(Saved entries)
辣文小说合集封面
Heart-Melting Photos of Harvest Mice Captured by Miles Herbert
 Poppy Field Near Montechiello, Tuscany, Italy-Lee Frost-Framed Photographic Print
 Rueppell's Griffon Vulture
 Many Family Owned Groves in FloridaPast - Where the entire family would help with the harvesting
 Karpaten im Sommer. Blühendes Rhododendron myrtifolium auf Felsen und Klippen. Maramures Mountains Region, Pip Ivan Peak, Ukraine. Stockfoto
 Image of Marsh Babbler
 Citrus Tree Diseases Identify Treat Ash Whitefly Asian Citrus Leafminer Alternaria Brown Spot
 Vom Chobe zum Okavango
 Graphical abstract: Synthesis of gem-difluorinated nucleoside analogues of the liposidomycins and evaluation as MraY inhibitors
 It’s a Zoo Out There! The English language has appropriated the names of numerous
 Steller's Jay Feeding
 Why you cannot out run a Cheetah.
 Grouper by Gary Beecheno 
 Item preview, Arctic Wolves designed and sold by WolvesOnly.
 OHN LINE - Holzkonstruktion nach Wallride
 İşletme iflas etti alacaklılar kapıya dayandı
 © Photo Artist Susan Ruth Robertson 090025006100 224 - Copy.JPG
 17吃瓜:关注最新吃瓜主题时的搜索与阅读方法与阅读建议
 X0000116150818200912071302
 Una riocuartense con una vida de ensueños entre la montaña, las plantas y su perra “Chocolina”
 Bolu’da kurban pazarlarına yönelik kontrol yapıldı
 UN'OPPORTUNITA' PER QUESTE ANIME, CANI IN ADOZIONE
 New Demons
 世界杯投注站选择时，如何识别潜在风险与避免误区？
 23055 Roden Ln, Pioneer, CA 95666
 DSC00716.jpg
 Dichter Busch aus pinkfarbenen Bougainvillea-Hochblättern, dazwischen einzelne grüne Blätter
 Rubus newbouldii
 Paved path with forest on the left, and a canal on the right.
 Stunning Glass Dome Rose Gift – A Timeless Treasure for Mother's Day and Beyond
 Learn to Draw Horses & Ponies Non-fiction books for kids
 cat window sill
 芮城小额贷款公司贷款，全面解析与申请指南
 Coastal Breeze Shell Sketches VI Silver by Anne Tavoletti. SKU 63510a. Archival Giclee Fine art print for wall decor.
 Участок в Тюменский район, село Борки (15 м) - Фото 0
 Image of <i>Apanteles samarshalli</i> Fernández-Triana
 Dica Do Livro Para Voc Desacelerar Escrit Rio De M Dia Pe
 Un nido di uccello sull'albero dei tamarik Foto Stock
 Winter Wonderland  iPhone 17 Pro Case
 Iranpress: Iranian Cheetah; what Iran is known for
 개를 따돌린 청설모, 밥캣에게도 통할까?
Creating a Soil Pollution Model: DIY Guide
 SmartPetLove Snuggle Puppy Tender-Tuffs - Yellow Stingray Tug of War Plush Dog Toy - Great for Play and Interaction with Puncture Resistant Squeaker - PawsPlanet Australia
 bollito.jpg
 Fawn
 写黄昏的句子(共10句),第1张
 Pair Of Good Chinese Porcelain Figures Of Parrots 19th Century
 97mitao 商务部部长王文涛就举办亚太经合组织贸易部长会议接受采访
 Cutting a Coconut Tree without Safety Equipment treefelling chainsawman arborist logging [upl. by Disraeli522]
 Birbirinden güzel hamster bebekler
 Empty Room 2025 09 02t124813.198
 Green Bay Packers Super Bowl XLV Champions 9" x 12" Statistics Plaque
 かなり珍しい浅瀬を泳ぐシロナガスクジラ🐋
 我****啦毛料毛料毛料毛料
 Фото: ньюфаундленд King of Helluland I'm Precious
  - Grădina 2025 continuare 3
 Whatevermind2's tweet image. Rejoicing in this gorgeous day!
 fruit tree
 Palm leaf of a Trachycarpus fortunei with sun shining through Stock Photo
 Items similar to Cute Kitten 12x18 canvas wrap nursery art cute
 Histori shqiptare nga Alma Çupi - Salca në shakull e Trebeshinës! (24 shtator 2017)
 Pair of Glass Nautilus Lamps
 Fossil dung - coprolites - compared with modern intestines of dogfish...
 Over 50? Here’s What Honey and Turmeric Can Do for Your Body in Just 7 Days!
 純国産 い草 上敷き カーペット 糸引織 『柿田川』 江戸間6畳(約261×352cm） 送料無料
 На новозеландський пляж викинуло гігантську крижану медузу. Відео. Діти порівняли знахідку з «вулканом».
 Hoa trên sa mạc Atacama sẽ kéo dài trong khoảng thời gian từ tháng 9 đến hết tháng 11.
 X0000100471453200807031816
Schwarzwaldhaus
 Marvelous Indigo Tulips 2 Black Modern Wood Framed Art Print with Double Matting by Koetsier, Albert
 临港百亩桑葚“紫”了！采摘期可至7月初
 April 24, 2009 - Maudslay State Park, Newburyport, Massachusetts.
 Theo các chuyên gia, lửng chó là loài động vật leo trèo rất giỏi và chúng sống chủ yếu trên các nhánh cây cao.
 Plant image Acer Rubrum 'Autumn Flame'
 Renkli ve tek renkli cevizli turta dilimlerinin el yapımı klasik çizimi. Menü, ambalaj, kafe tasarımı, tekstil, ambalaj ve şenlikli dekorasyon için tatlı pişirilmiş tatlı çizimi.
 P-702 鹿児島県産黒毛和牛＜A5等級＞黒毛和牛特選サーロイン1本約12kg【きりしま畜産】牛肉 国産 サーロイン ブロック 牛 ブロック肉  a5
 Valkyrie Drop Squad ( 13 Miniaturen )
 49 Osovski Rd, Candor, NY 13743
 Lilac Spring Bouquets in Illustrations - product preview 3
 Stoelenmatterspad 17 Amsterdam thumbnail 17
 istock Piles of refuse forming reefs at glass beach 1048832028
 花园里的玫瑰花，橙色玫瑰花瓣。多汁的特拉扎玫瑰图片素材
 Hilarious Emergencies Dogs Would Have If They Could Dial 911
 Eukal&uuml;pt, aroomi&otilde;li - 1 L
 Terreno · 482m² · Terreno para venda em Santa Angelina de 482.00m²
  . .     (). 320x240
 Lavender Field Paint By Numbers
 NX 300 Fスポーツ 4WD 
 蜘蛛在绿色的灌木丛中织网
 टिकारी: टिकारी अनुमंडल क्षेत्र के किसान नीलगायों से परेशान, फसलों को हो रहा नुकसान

EXERCISE INSTRUCTIONS
For each line of the entries that includes "Pair", show that line.

REPLY TO THE EXERCISE
 Pair Of Good Chinese Porcelain Figures Of Parrots 19th Century
 Pair of Glass Nautilus Lamps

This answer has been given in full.